• **Problem to solve**: Print exactly the lines that run from the first line of the material to the line containing "Granny Bear Christmas", both ends included, and skip the pictures.

═════ Data extract ═════

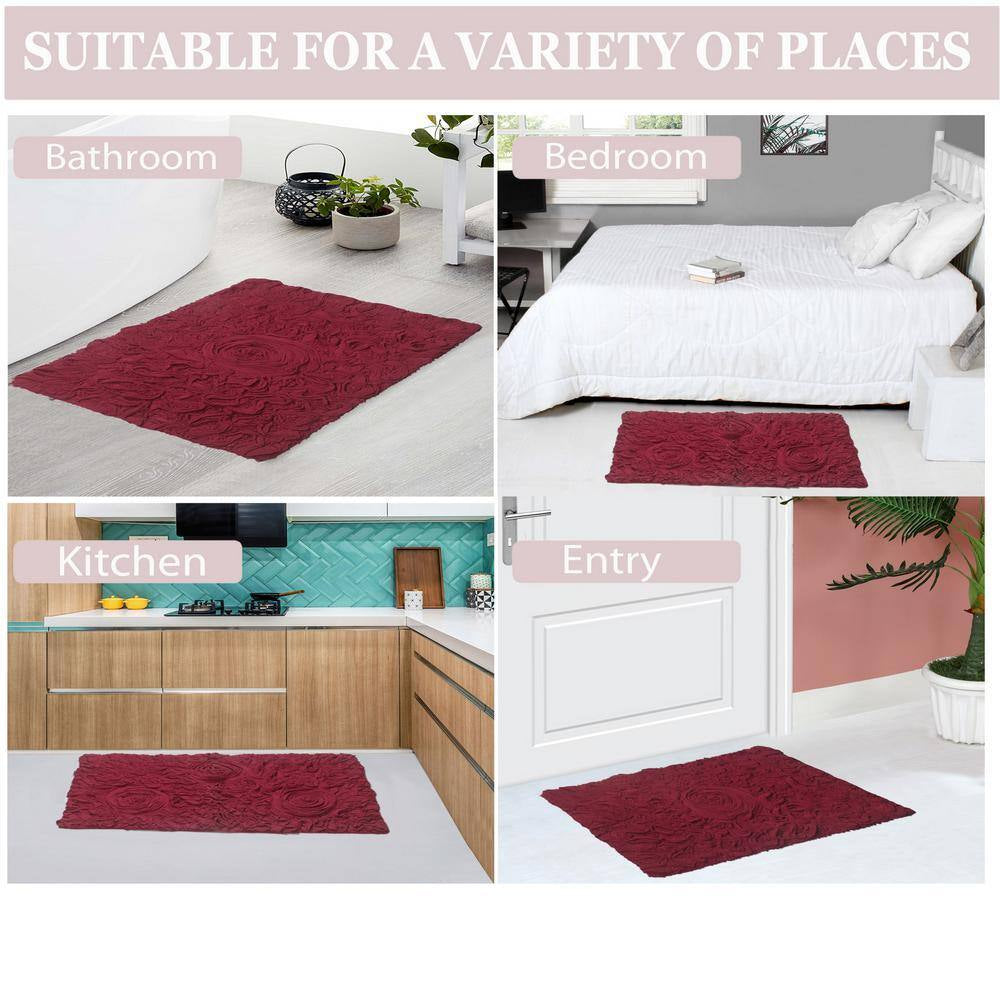 Bell Flower Collection 100% Cotton Tufted Bath Rugs, 21 In. X34 In. Rectangle, Red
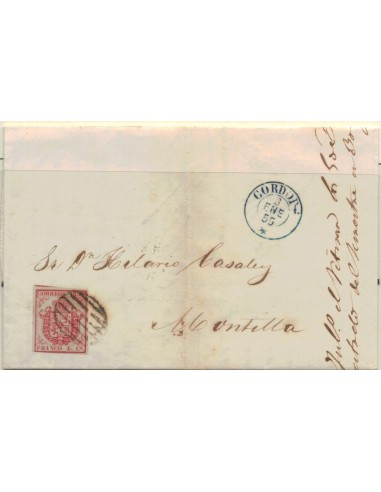 FA5908. 1855, Carta de Cordoba a Montilla con fechador azul roto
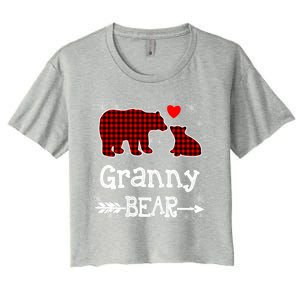 Granny Bear Christmas Pajama Red Plaid Buffalo Family Xmas Gift Women's Crop Top Tee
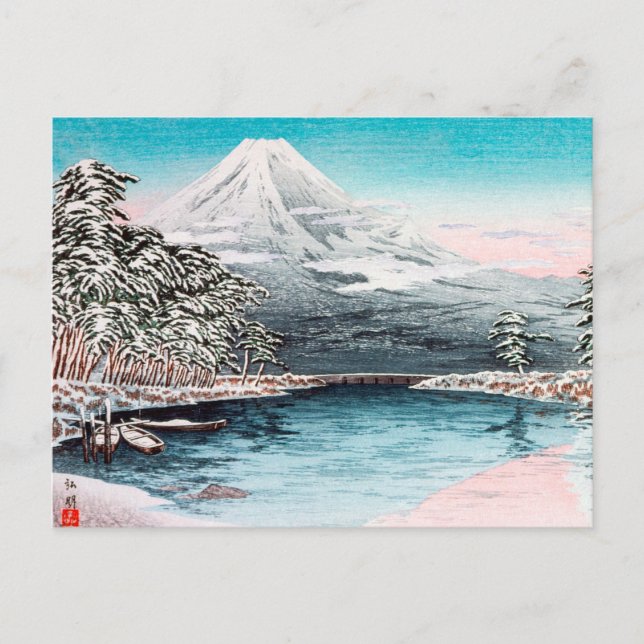 Carte Postale Mont Fuji de Tagonoura, Hiroaki de neige Takahashi (Devant)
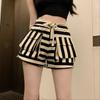 High-waisted Striped Shorts Women's Summer Elasticated Waist Baggy Wide-leg Pants Wear Slimming Sports A-line Spice Hot Pants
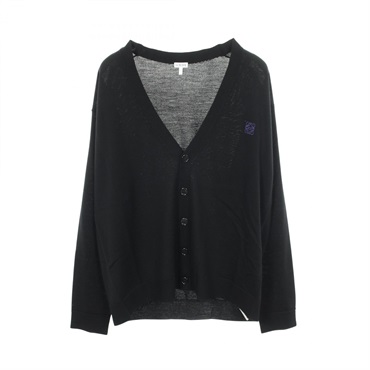 LOEWE Anagram embroidery cardigan Q825Y16K05 wool Black #M Used mens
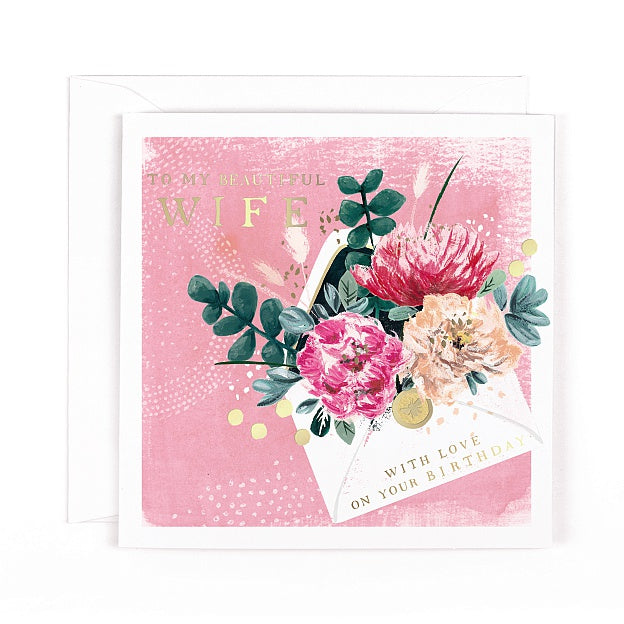 Oh Dotty Wife Birthday Floral Card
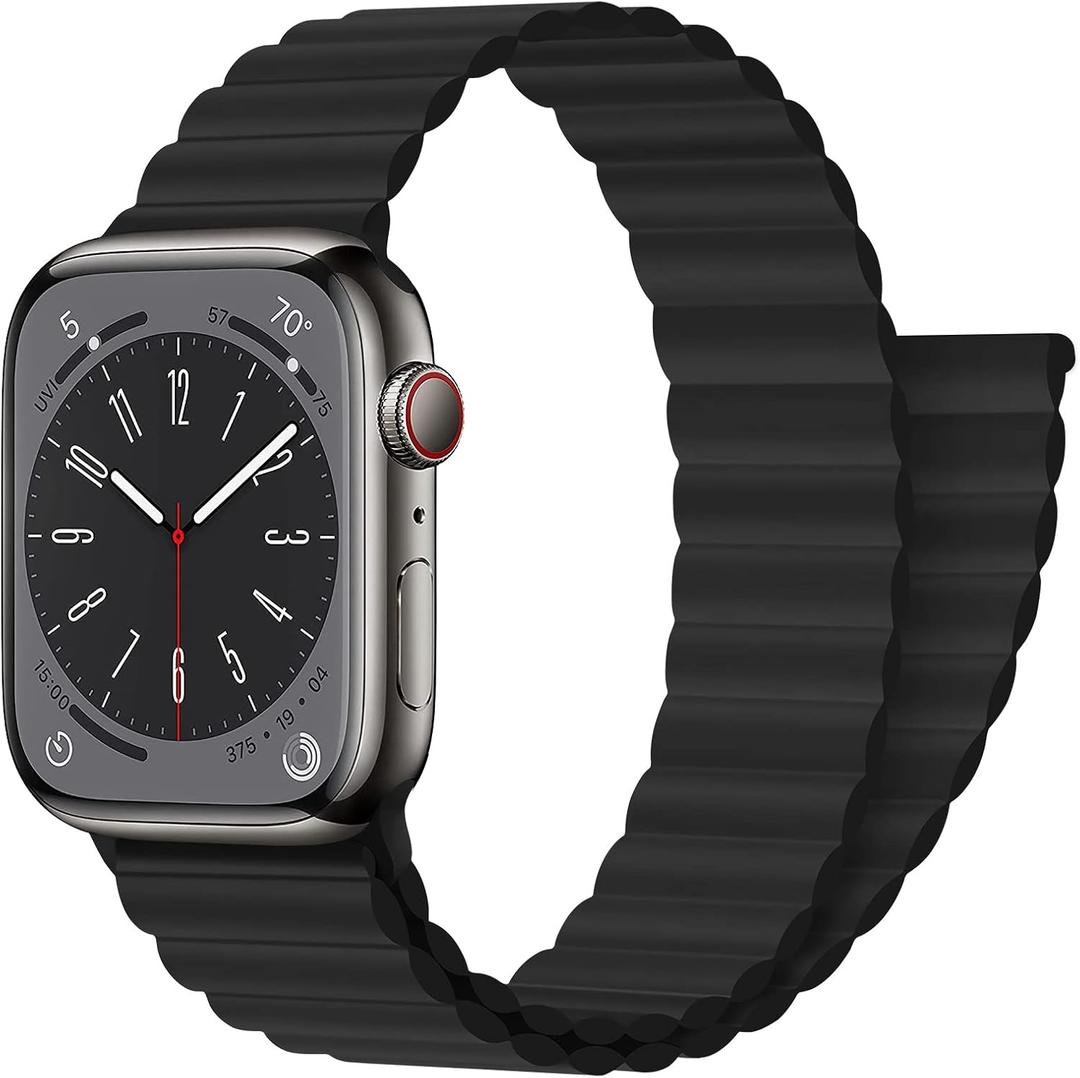 Magnetic Closure for Apple Watch Band 40mm 41mm 38mm 44mm 45mm 42mm 46mm 49mm 44 45 40 41 mm Kid/Men/Women,Silicone Sport Loop Bracelet Wristband Strap for iWatch series 10 9 8 7 6 5 4 3 se Ultra 2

═════

• **Response below**:
 Bell Flower Collection 100% Cotton Tufted Bath Rugs, 21 In. X34 In. Rectangle, Red
 FA5908. 1855, Carta de Cordoba a Montilla con fechador azul roto
 Granny Bear Christmas Pajama Red Plaid Buffalo Family Xmas Gift Women's Crop Top Tee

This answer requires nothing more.